By Bill Britt
Alabama Political Reporter
MONTGOMERY—Millions have been slashed from the State’s Attorney General’s Office for fiscal year 2016 budget due to severe cuts in appropriation from the State General Fund Budget (SGF).
This might not come as a shock since in 2015 the Office’s budget was zeroed out of the SGF.
“Zeroing out” the AG’s budget was explained away by saying the office had outside funds and litigation settlement such as the State’s share of the National Mortgage Settlement Fund to keep it in operation. However, those funds have been rapidly depleted because of continued zero funding.
After the passage of the 2015 budget, Strange wrote, State Senator’s explaining zero funding would “substantially jeopardize our State’s ability to prosecute criminals, provide justice for victims, and defend challenges to the laws passed by the Legislature.”
In a recent email, Mike Lewis, communications director for the Attorney General wrote, “We’re presently evaluating the impact of the cuts on our FY2016 operations.

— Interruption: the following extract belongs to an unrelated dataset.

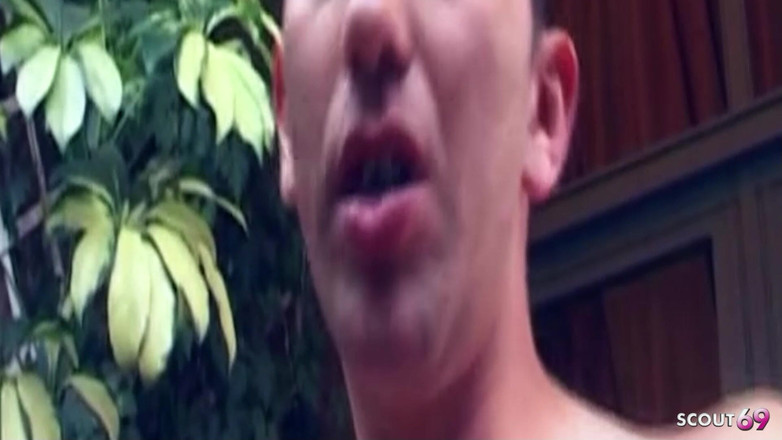 Shemale TS Collection: ラテン系の大きな胸のトランスジェンダーがTinderデートで屋外でセックスされる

We’re exploring all options to continue to carry out our mission in the most cost effective way possible while minimizing the impact on our dedicated employees and upon legal services to the State.”
Lewis also said that the office is looking for additional revenue sources to help close the gap created by the funding cuts.
The office had requested $23,654,000 in total funding for FY2016. A minimum $17,594,000 was needed as direct funding from the SGF. However, when the cuts were completed, the Attorney General’s office received only $12,275,000 in direct appropriations from the SGF budget.
In the past, this lack of funding had been explained away by saying the Attorney General was hoarding money. However, al.com’s, John Archibald and others, have reason to suspect a more sinister reason for taking a meat cleaver to the AG’s budget.
In a recent column Archibald wrote, “Since the AG’s office is prosecuting House Speaker Hubbard on 23 felony violations of the ethics law, that crunch could be sweet to Hubbard. It could delay his Lee County trial, perhaps. It could poke the AG in the eye and force him to fire some of those pesky prosecutors.”
AG Strange told the journalist, “Whatever they do, and whatever they think they are going to do to hinder our office’s activities, or send some message, it’s not going to impact our commitment to public corruption.”
Such heavy-handed cuts could leave many cases languishing in a legal netherland.
However, the Attorney General’s Office says it is determined to avoid any layoffs.
Insiders say Strange and Chief Deputy Alice Martin will not back down on funding the Special Prosecution Division which oversees the investigation, and prosecution of white collar crimes and ethical violations.
Not surprisingly, the Republican legislative supermajority says they are tough on crime. But, if actions speak louder than words, in this case, money doesn’t just talk…it screams.